Religions, Social Conflict, and Peace Unit
Panel I: The Religion, Social Conflicts, and Peace Unit seeks co-sponsorship with the Religion, Holocaust, and Genocide Unit. We welcome proposals that engage in discussions about genocide in the context of the 30th anniversary of the Rwanda Genocide. Proposals can include one of the following:
- narratives and commemorations of genocides in Rwanda and Africa
- The role of Western powers in genocides 'in the margins' [presidential theme]
- comparison and relations between genocides at 'Centers' and 'Margins'
- interrogation of peacebuilding and reconciliation in the Global South
- the legacies of Western colonialism in the genocides in Africa
- the opportunity/problems of comparison" Holocaust, Kosovo, Gaza, Rwanda...

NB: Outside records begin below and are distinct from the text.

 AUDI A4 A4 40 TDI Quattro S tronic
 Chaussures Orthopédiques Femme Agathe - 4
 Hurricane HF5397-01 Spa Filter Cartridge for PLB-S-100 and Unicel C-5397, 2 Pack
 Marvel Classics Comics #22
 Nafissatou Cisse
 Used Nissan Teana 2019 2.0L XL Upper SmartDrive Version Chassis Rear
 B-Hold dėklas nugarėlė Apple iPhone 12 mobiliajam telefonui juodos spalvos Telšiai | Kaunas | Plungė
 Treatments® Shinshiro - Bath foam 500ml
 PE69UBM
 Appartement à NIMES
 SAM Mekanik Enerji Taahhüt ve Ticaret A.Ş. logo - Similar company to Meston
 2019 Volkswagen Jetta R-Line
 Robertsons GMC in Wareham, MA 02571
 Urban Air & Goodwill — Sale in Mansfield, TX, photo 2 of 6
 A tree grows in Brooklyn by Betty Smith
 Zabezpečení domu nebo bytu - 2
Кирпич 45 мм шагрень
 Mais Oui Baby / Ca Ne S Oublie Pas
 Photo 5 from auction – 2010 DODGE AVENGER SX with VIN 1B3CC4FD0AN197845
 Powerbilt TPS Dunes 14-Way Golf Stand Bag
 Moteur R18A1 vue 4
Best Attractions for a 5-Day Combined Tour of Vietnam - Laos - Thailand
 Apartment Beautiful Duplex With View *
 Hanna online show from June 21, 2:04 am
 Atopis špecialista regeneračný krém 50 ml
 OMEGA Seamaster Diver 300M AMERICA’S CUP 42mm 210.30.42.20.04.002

- Afro-American thought and genocides in the Caribbean and Africa
Panel II: we seek papers addressing the dynamics of religion, conflict, and peace from a global and international perspective, attentive to the legacies of coloniality/modernity. Topics can include
- Religion and American foreign policy
- Islamophobia and the analysis of religion's role in conflict
- religion and diplomacy
- religious and ethnic diasporas and the dynamics of violence and peacebuilding
- Manichean logic in framing conflicts
- religion and the disruption of civilizational discourse
Relationships between religions and the causes and resolution of social conflict are complex. On the one hand, religion is a major source of discord in our world, but on the other, religious agents have often played a central role in developing and encouraging nonviolent means of conflict resolution and sustainable peace. While religion as a factor in conflicts is often misunderstood by military and political leaders, it is also the case that the popular call for an end to injustice is quite often a religious voice. We seek to add a critical dimension to the understanding of how religion influences and resolves social conflict. We want to develop and expand the traditional categories of moral reflection and response to war and also to investigate kindred conflicts — terrorism, humanitarian armed intervention, cultural and governmental repression, ecological degradation, and all of the factors that inhibit human flourishing. We also hope to encourage theoretical and practical reflection on religious peace-building by examining the discourses, practices, and community and institutional structures that promote just peace. Through our work, we hope to promote understanding of the relationships between social conflict and religions in ways that are theoretically sophisticated and practically applicable in diverse cultural contexts.